I pointed Steven Pinker to my post, How much time (if any) should we spend criticizing research that’s fraudulent, crappy, or just plain pointless?, and he responded:
Clearly it *is* important to call out publicized research whose conclusions are likely to be false. The only danger is that it’s so easy and fun to criticize, with all the perks of intellectual and moral superiority for so little cost, that there is a moral hazard to go overboard and become a professional slasher and snarker. (That’s a common phenomenon among literary critics, especially in the UK.) There’s also the risk of altering the incentive structure for innovative research, so that researchers stick to the safest kinds of paradigm-twiddling. I think these two considerations were what my late colleague Dan Wegner had in mind when he made the bumbler-pointer contrast — he himself was certainly a discerning critic of social science research. [Just to clarify: Wegner is the person who talked about bumblers and pointers but he was not the person who sent me the email characterizing these as “our only choices in life.”—AG.]
The other comment is that I don’t think that evolutionary psychology is a worse offender at noise-mining than social psychology in general. Quite the contrary, the requirement that a psychological mechanism enhance reproductive success in a pre-modern environment at least imposes a modicum of aprioricity on hypotheses, which is entirely lacking in non-evolutionary (and defiantly atheoretical) social psychology. The worry that you can spin scientifically respectable evolutionary hypotheses post hoc for any finding is, in my view, greatly exaggerated. The Griskevicius finding may be wrong, for all the usual reasons, but the hypothesis is well motivated by prior theory and research.
To which I replied:
I think there are 3 things going on:
1. The science. As Lakatos and other philosophers of science have emphasized, any real scientific theory will make all sorts of predictions. The mapping of theory to prediction is a messy and necessary part of science. So a theory can be valid even if it is difficult to test, indeed part of the reason for testing a theory is often not to confirm or dispute the theory’s validity but to refine the theory.
2. Data collection. The studies by Griskevicius etc. have an extremely low ratio of signal to noise. Variability is high, measurements are crude, comparisons are performed between subjects, and this is all with a background of small effects that vary in sign and magnitude. As a result, the studies provide essentially zero information about the theory.

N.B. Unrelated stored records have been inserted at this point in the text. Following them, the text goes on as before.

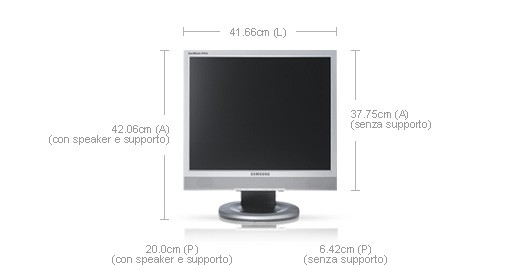 Samsung 913TM computer monitor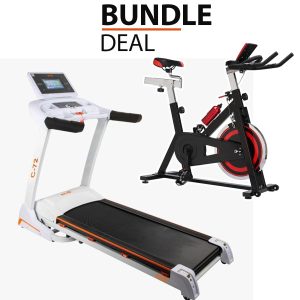 BUNDLE: C-72 Treadmill + S-5000 Exercise Bike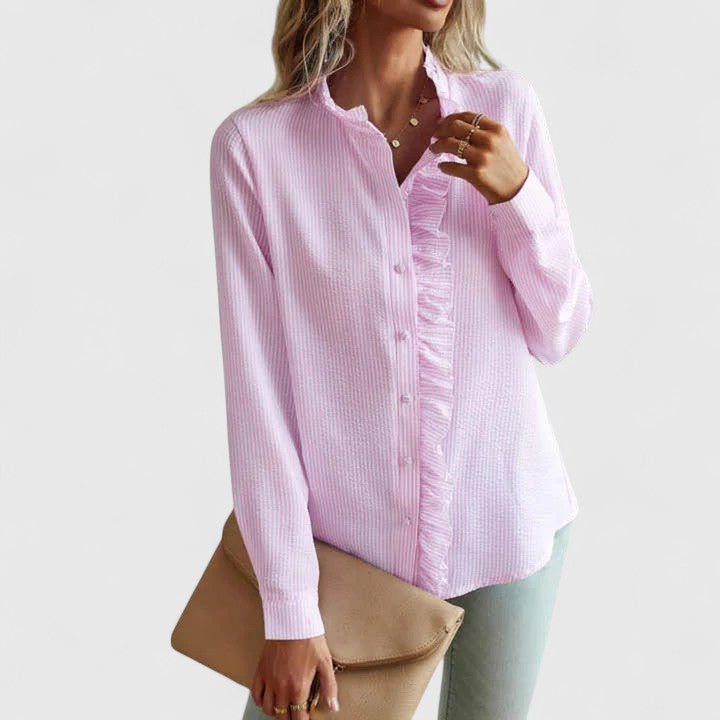 Yasmine | Long Sleeve Blouse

3. Multiple comparisons. The reason that multiple comparisons come in is to explain how it is that researchers such as Bem, Griskevicius, etc., manage to consistently find statistical significance (typically, many statistically significant comparisons in a single study) even though their noise level is so high. Multiple comparisons is the answer, and the point of our garden of forking paths paper is to explain how this problem can arise even for studies that are well motivated by substantive theory.
In short, my claim is not that the theories of Griskevicius etc. are wrong (about that, I have no idea) and my central criticism of them is not data-mining and multiple comparisons. Rather, my problem is that the study design is such that the data provide essentially no information about the science. I’d have no problem with the theory being presented as such; my problem is with the incorrect (in this case) claims that the data add anything to the story.
Regarding incentives structure, I fear that the current lack of incentives to criticize serves to offer an incentive for researchers to do small noisy studies which then they can sometimes publish in places such as Psychological Science. I would love if the incentives were to change so that researchers would put more effort into careful measurement and design!